»»

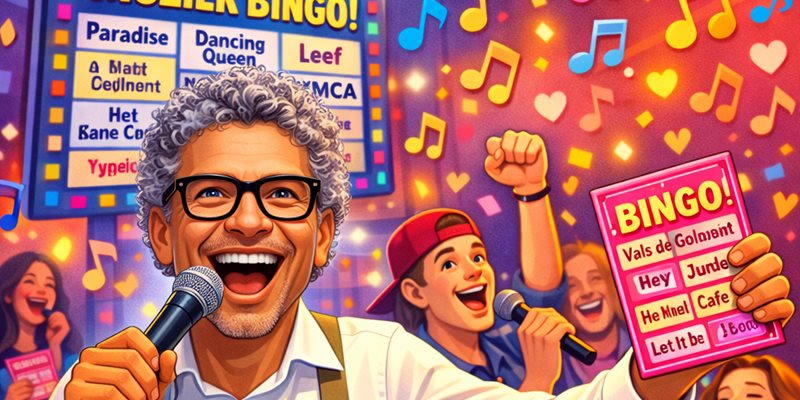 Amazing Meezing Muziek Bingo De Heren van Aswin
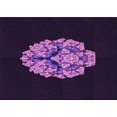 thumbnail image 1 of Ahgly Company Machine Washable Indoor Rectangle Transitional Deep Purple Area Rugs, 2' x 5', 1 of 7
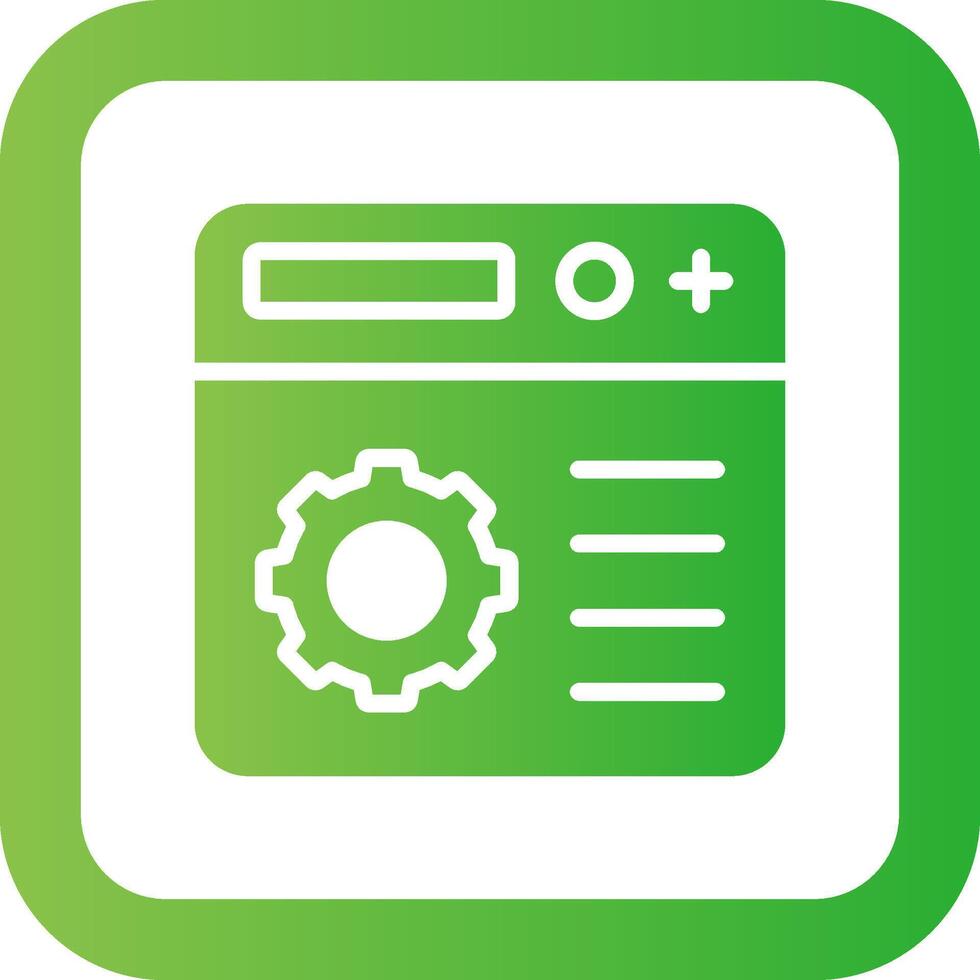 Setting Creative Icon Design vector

««

== EXERCISE DESCRIPTION ==
Word for word, print all of the data; skip the pictures.

== SOLUTION FOR THIS EXERCISE ==
 Amazing Meezing Muziek Bingo De Heren van Aswin
 thumbnail image 1 of Ahgly Company Machine Washable Indoor Rectangle Transitional Deep Purple Area Rugs, 2' x 5', 1 of 7
 Setting Creative Icon Design vector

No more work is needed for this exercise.